Exercise description:
In your copy, leave out the pictures and output only the lines from the one holding "Pigmentation Treatment" through the end of the data below, exactly.

Dataset excerpt:
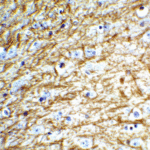 Immunohistochemistry of Clusterin in mouse brain tissue with Clusterin Antibody at 5 μg/mL.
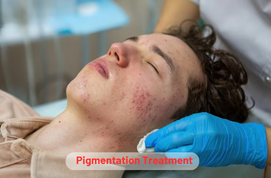 Pigmentation Treatment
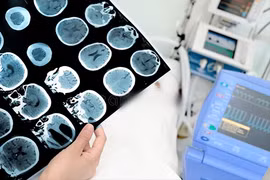 Những biểu hiệu của người bị nhồi máu não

Task response:
 Pigmentation Treatment
 Những biểu hiệu của người bị nhồi máu não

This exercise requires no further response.